Not Enough Swear Words

Ladies and gentlemen, I am sorry to say that my hard drive burned itself out today like a disco queen on laced cocaine. The love of my life was kind enough to loan me his computer until I can get mine resurrected or reincarnated, so at least I can keep writing and playing games on the internet -- oh, Prolific, my life's blood -- but even though very little is lost it still feels crushing and catastrophic.

I remember the first time I lost a story. It was summer, and I was about fifteen or so, and I had this whole huge fantasy teen romance based on Cinderella that I was very excited about and very carefully inscribing in a notebook. Invading kingdoms, false identities, magic wands -- it was intricate, I tell you, and I can't remember the half of it. And because I couldn't bear to leave it alone even for the space of a week, I took it with me on our yearly eastern Washington camping trip.

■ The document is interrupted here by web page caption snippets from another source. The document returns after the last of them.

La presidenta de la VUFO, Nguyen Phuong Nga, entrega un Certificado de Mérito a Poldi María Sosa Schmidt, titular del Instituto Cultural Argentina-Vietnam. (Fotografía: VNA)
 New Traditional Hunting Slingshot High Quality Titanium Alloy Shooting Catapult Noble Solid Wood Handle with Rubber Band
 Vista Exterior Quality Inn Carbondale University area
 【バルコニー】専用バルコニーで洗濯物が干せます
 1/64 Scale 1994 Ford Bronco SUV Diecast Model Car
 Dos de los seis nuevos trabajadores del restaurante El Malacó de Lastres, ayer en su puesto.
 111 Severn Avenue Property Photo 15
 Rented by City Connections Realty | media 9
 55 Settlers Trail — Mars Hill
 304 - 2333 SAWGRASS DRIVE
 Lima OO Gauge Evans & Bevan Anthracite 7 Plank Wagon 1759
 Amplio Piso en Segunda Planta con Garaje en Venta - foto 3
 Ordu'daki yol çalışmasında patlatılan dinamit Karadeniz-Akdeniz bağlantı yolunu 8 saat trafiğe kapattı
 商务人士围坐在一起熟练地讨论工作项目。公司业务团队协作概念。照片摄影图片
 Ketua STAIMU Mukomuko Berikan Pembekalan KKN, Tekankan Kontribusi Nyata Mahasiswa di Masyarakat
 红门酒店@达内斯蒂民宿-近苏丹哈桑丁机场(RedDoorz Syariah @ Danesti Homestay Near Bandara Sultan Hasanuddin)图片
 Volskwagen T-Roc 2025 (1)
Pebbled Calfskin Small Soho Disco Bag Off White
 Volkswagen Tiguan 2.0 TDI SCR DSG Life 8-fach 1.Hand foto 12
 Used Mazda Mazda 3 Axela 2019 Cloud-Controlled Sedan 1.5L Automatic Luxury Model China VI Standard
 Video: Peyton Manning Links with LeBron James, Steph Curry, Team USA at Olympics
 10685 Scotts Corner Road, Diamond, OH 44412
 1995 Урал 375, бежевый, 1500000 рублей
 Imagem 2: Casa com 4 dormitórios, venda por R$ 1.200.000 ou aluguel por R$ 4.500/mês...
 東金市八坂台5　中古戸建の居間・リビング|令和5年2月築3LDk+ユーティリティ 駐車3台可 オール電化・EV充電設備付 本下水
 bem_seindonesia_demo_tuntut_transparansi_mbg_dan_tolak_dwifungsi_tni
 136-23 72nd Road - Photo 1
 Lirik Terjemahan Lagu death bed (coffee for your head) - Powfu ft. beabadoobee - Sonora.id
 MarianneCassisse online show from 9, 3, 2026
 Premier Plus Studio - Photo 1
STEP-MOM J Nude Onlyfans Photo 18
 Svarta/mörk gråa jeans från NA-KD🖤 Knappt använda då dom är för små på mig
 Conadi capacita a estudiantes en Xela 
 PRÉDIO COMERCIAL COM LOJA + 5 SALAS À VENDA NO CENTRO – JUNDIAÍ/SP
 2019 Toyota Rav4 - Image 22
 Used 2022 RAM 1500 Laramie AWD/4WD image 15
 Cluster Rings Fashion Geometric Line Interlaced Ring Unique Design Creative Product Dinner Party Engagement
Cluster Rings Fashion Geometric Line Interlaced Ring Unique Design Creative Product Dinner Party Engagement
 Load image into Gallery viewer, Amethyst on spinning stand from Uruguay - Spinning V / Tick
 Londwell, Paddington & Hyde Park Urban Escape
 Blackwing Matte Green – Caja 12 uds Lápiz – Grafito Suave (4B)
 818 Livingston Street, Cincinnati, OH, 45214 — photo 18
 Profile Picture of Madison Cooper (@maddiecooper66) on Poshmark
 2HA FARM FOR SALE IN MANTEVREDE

As part of this trip, we went to a water park in the middle of a wide stretch of desert, which wasn't quite as hedonistic as the indoor skiing area in Dubai but was as close as teenaged me was likely to get. When we returned to the car, I peeked in and thought it was strange that the backseat was covered with ice when it was so hot out. And then Mom started fretting and I realized that no, it wasn't ice -- it was the glass from the window of the car. Some very unsubtle criminal had busted in the window and taken -- well, I don't remember the details of what they took except that it included my backpack, a very expensive-looking hiker's pack they must have thought was full of God knows what. What it actually contained was my story notebook, the Everyman's Library edition of Jane Eyre, and about fifty Always brand ultra-thin feminine hygiene products with Flexi-wings (TM) that I earnestly hope they enjoyed.

And there I stood, feeling sick to my stomach, and not just because I now had to publicly announce why we needed to stop by a grocery store on the way back to camp.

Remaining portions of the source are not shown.